= Brief =
Without including any image, retype the records word for word.

= Excerpted records =
•••

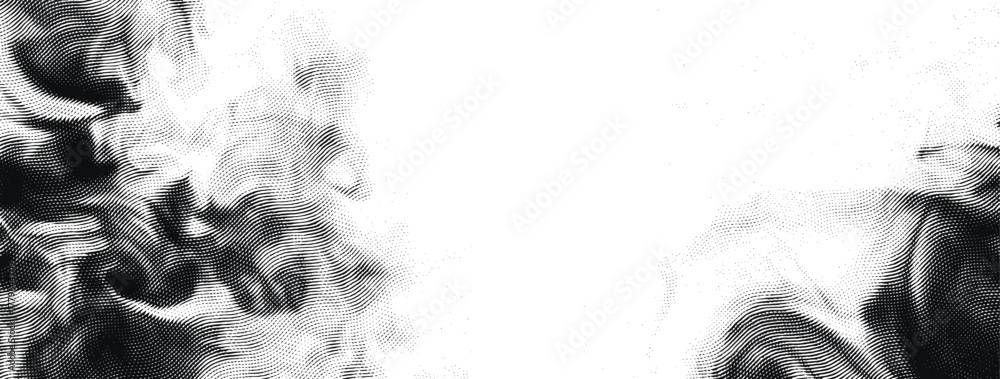 Fototapeta premium Vector engrave smoke waves flow texture background. Fluid smoky frame with central copy space.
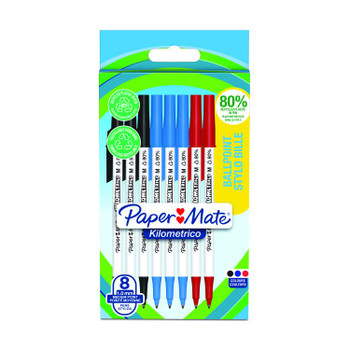Paper Mate 2187680 Kilometrico Recycled Assorted Ball Pen pack of 8 pens 2187680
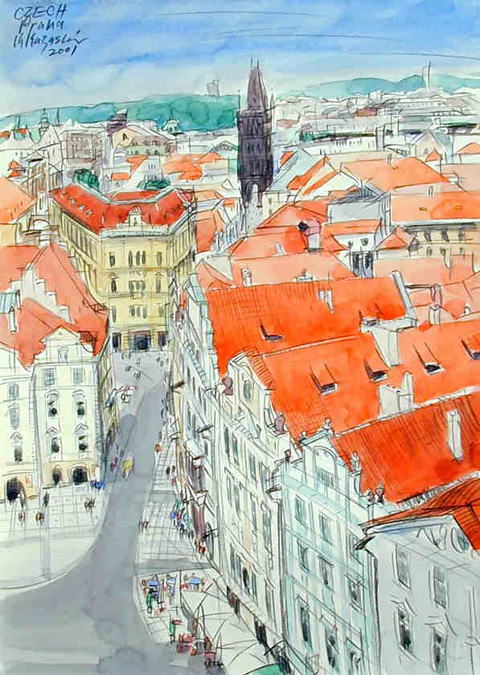 ヨーロッパの街並みスケッチ－プラハからブタペストの街並み（2）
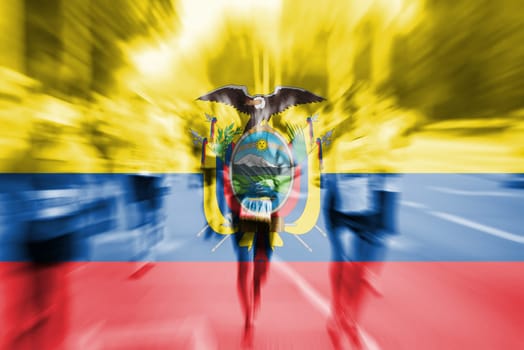 marathon runner motion blur blending with ecuador flags
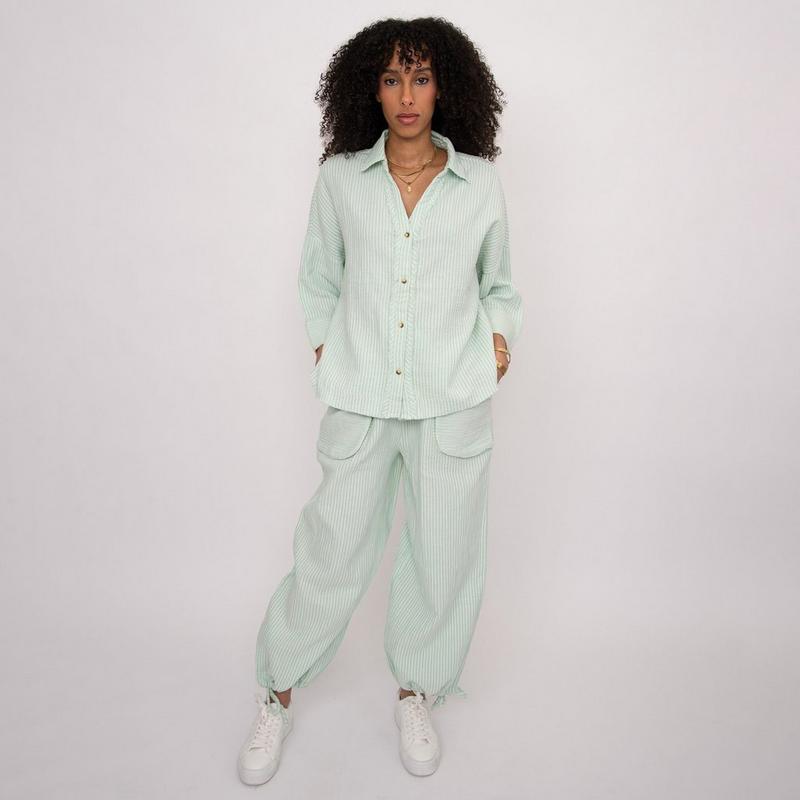 Oak & Ivy Chemise Georgia en gaze &agrave; rayures pour femmes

•••

= Response to the exercise =
 Fototapeta premium Vector engrave smoke waves flow texture background. Fluid smoky frame with central copy space.
Paper Mate 2187680 Kilometrico Recycled Assorted Ball Pen pack of 8 pens 2187680
 ヨーロッパの街並みスケッチ－プラハからブタペストの街並み（2）
 marathon runner motion blur blending with ecuador flags
 Oak & Ivy Chemise Georgia en gaze &agrave; rayures pour femmes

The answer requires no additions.